◆ Task inputs ◆
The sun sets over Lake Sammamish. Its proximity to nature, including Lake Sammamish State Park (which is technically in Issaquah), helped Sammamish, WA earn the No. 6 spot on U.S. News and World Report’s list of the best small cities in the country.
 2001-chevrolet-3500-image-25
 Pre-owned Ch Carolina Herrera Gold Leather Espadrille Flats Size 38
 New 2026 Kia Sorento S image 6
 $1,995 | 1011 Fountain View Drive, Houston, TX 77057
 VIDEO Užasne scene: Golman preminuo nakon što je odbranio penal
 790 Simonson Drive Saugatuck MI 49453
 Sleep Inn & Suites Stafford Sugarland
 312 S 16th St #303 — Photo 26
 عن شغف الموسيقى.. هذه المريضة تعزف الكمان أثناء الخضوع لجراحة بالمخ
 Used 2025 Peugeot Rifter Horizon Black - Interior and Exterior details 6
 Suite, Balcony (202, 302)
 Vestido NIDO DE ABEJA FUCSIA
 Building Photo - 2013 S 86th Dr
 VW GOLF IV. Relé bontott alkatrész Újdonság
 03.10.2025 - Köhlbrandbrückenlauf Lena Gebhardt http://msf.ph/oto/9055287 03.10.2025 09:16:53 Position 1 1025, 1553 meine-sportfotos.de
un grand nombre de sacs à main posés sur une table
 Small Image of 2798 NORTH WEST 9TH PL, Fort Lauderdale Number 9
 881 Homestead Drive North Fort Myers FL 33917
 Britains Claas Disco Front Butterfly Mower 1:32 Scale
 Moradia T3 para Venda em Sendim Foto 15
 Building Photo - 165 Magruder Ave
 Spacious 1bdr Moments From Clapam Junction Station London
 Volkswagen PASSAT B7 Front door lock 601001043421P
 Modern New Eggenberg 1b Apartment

◆ Problem ◆
Repeat, exactly and in full, the records shown above.

◆ Solution for this problem ◆
The sun sets over Lake Sammamish. Its proximity to nature, including Lake Sammamish State Park (which is technically in Issaquah), helped Sammamish, WA earn the No. 6 spot on U.S. News and World Report’s list of the best small cities in the country.
 2001-chevrolet-3500-image-25
 Pre-owned Ch Carolina Herrera Gold Leather Espadrille Flats Size 38
 New 2026 Kia Sorento S image 6
 $1,995 | 1011 Fountain View Drive, Houston, TX 77057
 VIDEO Užasne scene: Golman preminuo nakon što je odbranio penal
 790 Simonson Drive Saugatuck MI 49453
 Sleep Inn & Suites Stafford Sugarland
 312 S 16th St #303 — Photo 26
 عن شغف الموسيقى.. هذه المريضة تعزف الكمان أثناء الخضوع لجراحة بالمخ
 Used 2025 Peugeot Rifter Horizon Black - Interior and Exterior details 6
 Suite, Balcony (202, 302)
 Vestido NIDO DE ABEJA FUCSIA
 Building Photo - 2013 S 86th Dr
 VW GOLF IV. Relé bontott alkatrész Újdonság
 03.10.2025 - Köhlbrandbrückenlauf Lena Gebhardt http://msf.ph/oto/9055287 03.10.2025 09:16:53 Position 1 1025, 1553 meine-sportfotos.de
un grand nombre de sacs à main posés sur une table
 Small Image of 2798 NORTH WEST 9TH PL, Fort Lauderdale Number 9
 881 Homestead Drive North Fort Myers FL 33917
 Britains Claas Disco Front Butterfly Mower 1:32 Scale
 Moradia T3 para Venda em Sendim Foto 15
 Building Photo - 165 Magruder Ave
 Spacious 1bdr Moments From Clapam Junction Station London
 Volkswagen PASSAT B7 Front door lock 601001043421P
 Modern New Eggenberg 1b Apartment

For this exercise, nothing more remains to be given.